In its totality the budget proposal is typical of all of Obama’s past political efforts, with big tax hikes imposed mainly on the wealthy and some cuts taken from defense while increasing spending elsewhere, with no end to the massive amounts of the red ink in sight, but buried deep within are a few ideas that are pleasantly surprising, such as asking federal employees to contribute more to their pensions and health care as well as a sort of jargon-laden acknowledgement that some sort of entitlement reform is ultimately necessary. None of it comes close enough to fixing the nation’s soon-to-be-calamitous fiscal condition to win any the vote of any real Republican, but it’s more than enough than to infuriate the more noisome elements of Obama’s Democratic base, and sufficient for the president’s more ardent admirers in the press to deem it part of his “charm offense” and a move toward an admirably more pragmatic and less political approach.
Those pressmen are probably over-doing it a bit, as Obama is still insistent on tax hikes and deficit spending that are calculatedly unacceptable to the Republicans, and his tone when announcing the plan was still full of partisan punchiness. After hilariously arguing that his massive tax hikes are “a fiscally responsible blueprint for middle-class jobs and growth,” Obama went on to blame his opposition for the supposed catastrophes of the “sequester” budgets cuts that were originally suggested by his staff. He even kept a straight face as he claimed that the currently robust recovery will continue “as long as Washington doesn’t get in the way.” Any real Republican believes that Obama’s tax hikes and deficit spending on ever-expanding regulations are precisely what’s getting in the way of a recovery more robust than the current 0.4 percent growth rate, of course, but Obama clearly remains uninterested in such crazy talk.

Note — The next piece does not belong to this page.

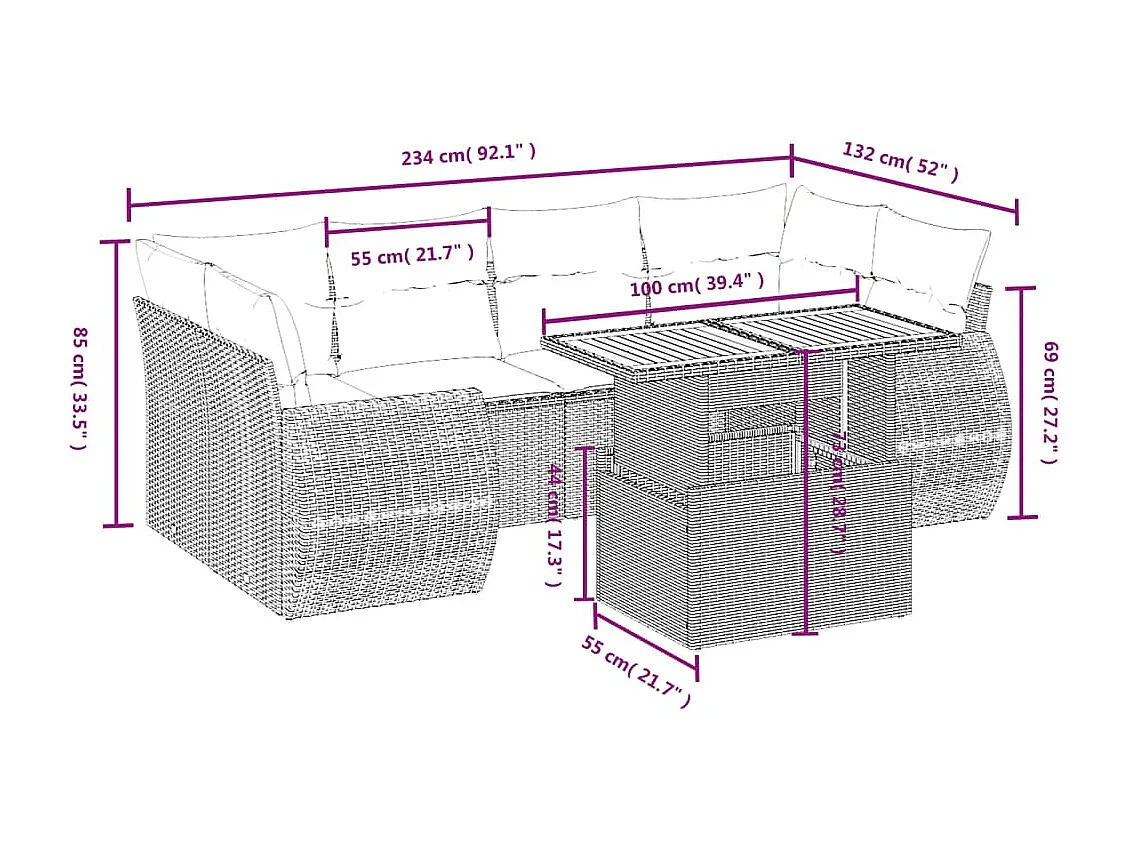 Salon de jardin 7 pcs avec coussins noir résine tressée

Such rhetorical red meat won’t satisfy the true believers in Obama’s party, however, given the heresies he has laid out in the budget proposal. Asking government workers to pay toward their pensions and health care at something approaching the rate of a private sector employee made Wisconsin Gov. Scott Walker and New Jersey Gov. Chris Christie the left’s most vilified figures in public life, and any attempt to prevent the imminent demise of any entitlement program is somehow regarded as a blasphemy against Franklin Roosevelt. Even such “baby steps,” as the venerable right-wing National Review approvingly dubs it, are enough to create a rift within his party and opening for the Republicans.
Obama has merely proposed an accounting change in the way Social Security benefits are dispersed, dryly dubbed “chained CPI,” but as the ads are already saying on local talk radio that translates to Social Security which will inevitably prove unpopular not only with staunch leftists but also with many older and more-prone-to-vote Americans. Opportunistic Republicans can run on their outraged opposition to throwing the old folks out on the street in the next election cycle, neatly flipping a traditional Democratic theme, while more principled Republicans can run on Rep. Paul Ryan’s House-approved plan that maintains the status quo for the over-55 crowd while offering the next generations more free-market options as an appealing replacement to the entitlement systems, and in either case they could do well.
If Obama is being the shrewd politician that the press portrays, it is hard to see how his plan will benefit his party. Perhaps he’s reacting responsibly to the economic and fiscal realities that he confronts, in his own half-hearted and characteristically partisan and ideological way, but c’mon.